The New York State Legislature finally authorized teacher pensions in 1894. The law was limited to the New York City (Manhattan) Board of Education and required longer terms of service than the 1876 bill. Male teachers could receive a pension after 35 years of service; female teachers after 30 years of service. The pension was 50 percent of salary with a cap of $1,000 (equal to about $30,000 in current dollars).

Unfortunately, the measure was not actuarially sound. Payments to eligible beneficiaries began immediately, restricting the pension plan’s ability to accumulate assets. Further, there were no actuarially determined employer or employee contributions. Instead, sources of funds for the new benefit were money docked from teacher wages due to absences (paid sick leave was rare in those days), donations and investment income. In his signing statement, then-Gov.
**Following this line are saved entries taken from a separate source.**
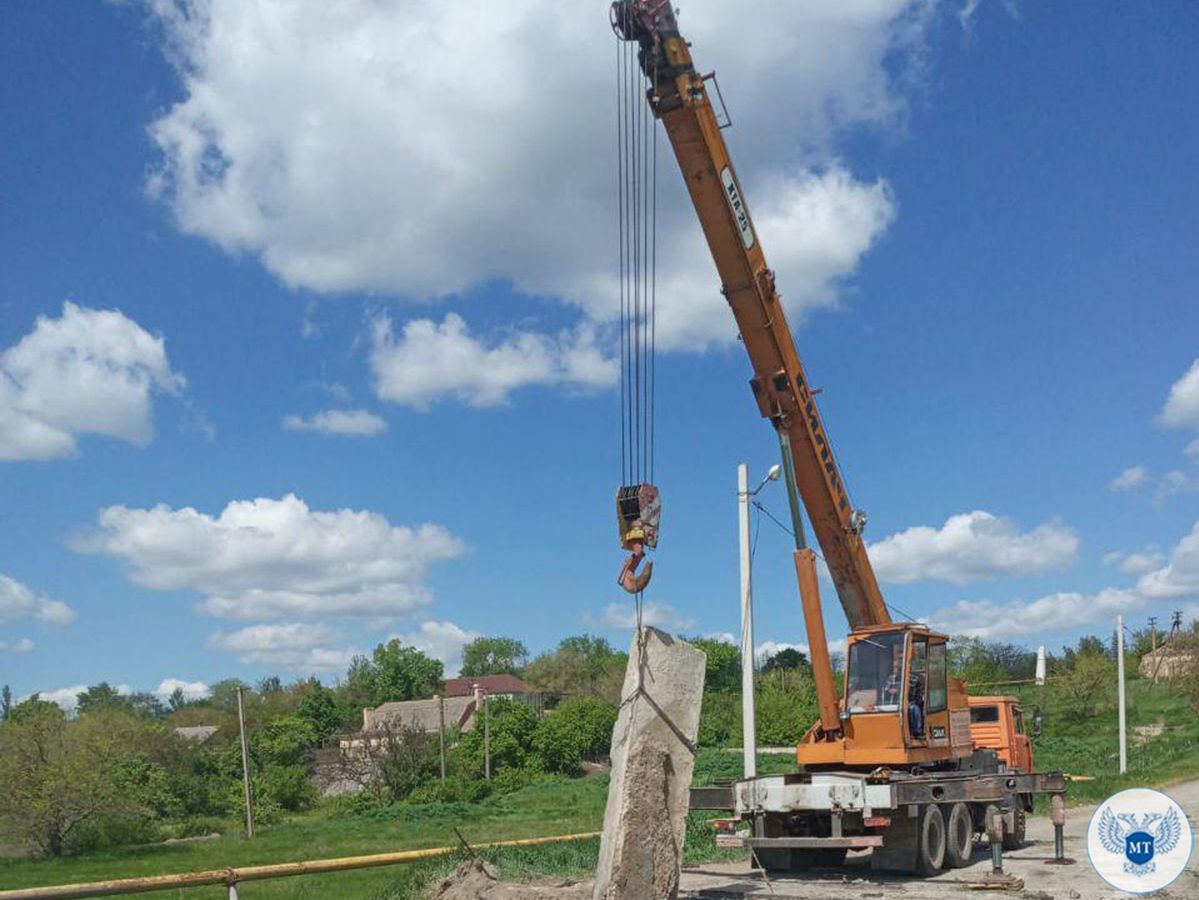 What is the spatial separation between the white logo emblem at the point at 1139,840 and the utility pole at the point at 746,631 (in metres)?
6.53

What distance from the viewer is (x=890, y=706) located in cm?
1534

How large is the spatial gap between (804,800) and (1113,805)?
439cm

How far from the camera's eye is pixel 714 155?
1567cm

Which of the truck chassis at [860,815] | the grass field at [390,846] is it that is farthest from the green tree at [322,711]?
the truck chassis at [860,815]

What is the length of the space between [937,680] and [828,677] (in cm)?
162

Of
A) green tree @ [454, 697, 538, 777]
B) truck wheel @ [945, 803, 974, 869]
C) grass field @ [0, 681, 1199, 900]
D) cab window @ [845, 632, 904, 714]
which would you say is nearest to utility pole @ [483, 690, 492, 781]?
green tree @ [454, 697, 538, 777]

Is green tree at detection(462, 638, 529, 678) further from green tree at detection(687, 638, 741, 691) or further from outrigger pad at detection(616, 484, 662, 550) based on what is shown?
outrigger pad at detection(616, 484, 662, 550)

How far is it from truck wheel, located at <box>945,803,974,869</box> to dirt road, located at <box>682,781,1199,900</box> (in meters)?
0.19

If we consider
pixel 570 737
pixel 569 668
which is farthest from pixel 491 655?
pixel 570 737

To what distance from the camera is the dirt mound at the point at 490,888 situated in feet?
34.9

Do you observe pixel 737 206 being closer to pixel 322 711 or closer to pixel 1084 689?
pixel 1084 689

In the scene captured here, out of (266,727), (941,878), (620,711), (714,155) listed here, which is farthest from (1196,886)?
(266,727)

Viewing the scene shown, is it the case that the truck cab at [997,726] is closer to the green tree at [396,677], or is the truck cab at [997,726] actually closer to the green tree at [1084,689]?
the green tree at [1084,689]

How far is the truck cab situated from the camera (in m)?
20.2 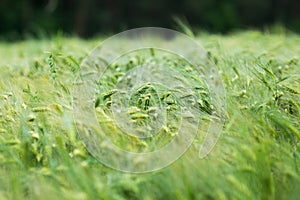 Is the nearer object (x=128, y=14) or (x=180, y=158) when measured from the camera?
(x=180, y=158)

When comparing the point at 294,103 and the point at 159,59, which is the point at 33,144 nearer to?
the point at 294,103

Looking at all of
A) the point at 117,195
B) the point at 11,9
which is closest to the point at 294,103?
the point at 117,195

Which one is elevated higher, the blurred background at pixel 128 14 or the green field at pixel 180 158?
the blurred background at pixel 128 14

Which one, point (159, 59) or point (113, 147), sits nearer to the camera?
point (113, 147)

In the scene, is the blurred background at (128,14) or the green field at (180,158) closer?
the green field at (180,158)

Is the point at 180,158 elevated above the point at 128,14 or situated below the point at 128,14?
below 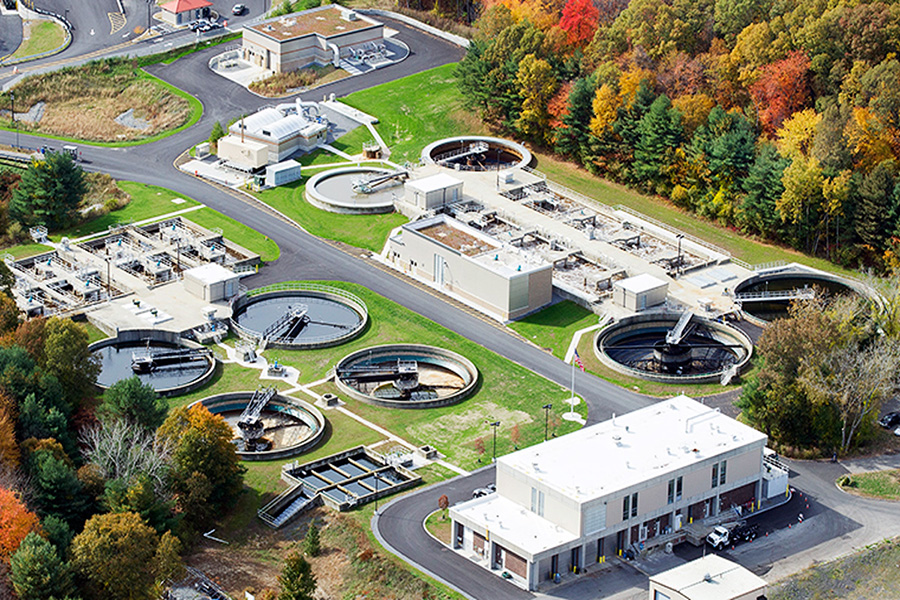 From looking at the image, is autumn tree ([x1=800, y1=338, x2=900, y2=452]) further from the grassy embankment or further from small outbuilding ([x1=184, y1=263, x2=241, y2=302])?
the grassy embankment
Roswell Flower declared, “Had the bill proposed a system of pensions for teachers at public expense I should not have approved of it.” This proved to be penny wise and pound foolish.

By 1897 annual benefit payments exceeded the three revenue sources specified in the original legislation. The state legislature responded by providing new revenue sources: 5 percent of the proceeds from New York City excise taxes and (from 1905) a 1 percent employee contribution.
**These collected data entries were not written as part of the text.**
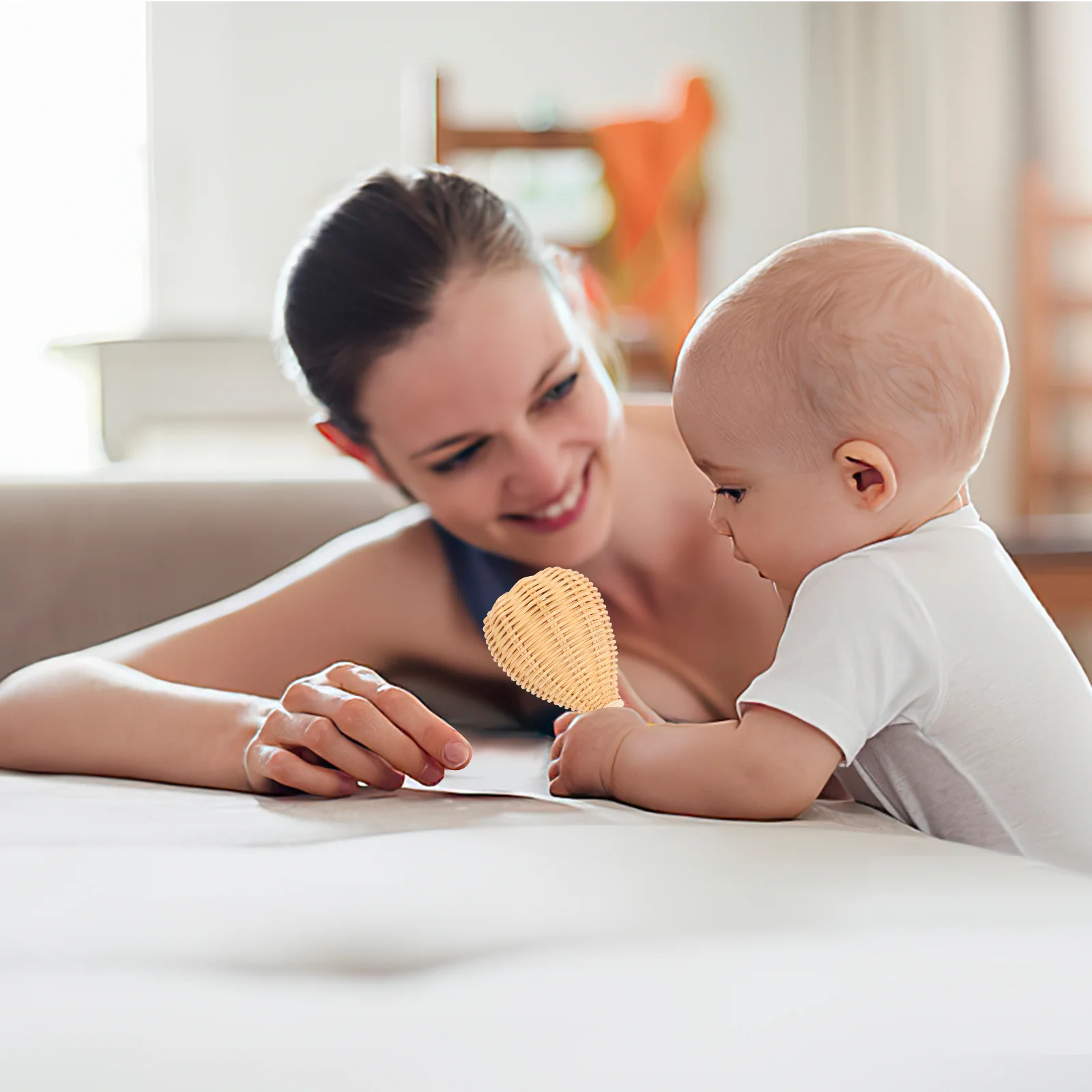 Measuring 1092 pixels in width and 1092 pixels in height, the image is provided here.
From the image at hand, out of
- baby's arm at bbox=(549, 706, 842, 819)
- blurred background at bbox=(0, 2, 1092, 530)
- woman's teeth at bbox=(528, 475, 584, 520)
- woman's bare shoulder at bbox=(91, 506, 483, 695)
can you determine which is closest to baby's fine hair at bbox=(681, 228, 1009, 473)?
baby's arm at bbox=(549, 706, 842, 819)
But along with the new revenues, there were benefit enhancements as well. For example, a minimum pension was added, men were able to retire with 30 years of service after 1901, and after 1907 both men and women became eligible for pensions after 20 years if they were disabled.

By 1914, the New York City Teacher’s Retirement Fund had less than $900,000 in funds to cover almost $70 million in actuarial liabilities—yielding a funded ratio of just over one percent.  In 1915, the fund balance declined to zero, causing missed payments and a freeze on new retirements: teachers eligible to retire were obliged to continue working.

Restructuring

The city formed a pension commission to review the bankrupt teacher pension fund, as well as other troubled municipal plans and make recommendations. The commission concluded:

It is unjust to taxpayers that they should be asked in any one year to meet the obligations for service rendered in the past. … No method other than annual payments on an actuarial basis can be advanced for currently accruing funds to meet liabilities as they accumulate.

In 1917, the state legislature adopted a pension reform that mirrored many of the commission’s recommendations.  These included increased employee and employer contributions, a minimum retirement age (in addition to a minimum service duration) and regular actuarial reviews.

After 23 years, New York City teachers finally had a sustainable pension system. But it was also one that locked in the lifelong service model, making the profession less attractive as a starter or encore career.

Lessons Learned

Offering teachers retirement security is one way to attract more qualified people into the profession. But, if retirement benefits are not properly structured, they can create problems that undermine the quality of education.

Promising retirement benefits and then not properly funding them is a false economy.  Creating a program that theoretically had no public expense, as stated by Gov. Flowers in 1894, led to a collapse of the system in 1915. Teachers who were ready to retire instead were obliged to remain in the classroom. We can be sure that they weren’t pleased, and one can imagine the possible toll this took on their classroom performance.

Offsetting low cash compensation with pension benefits is a mixed blessing. The public schools can attract higher quality professionals this way, but only those who intend to make teaching a lifetime career. Students in public schools thus lose out on the chance to learn from individuals with diverse career backgrounds who may be looking for supplementary income in their 50s, 60s or even 70s. Students may also be exposed to fewer recent college graduates who might like to teach for a couple of years early in their careers before entering a different field.

Fully funding pension benefits when they are earned and providing portability after a short vesting period would have been a better design approach 125 years ago, and it still is today.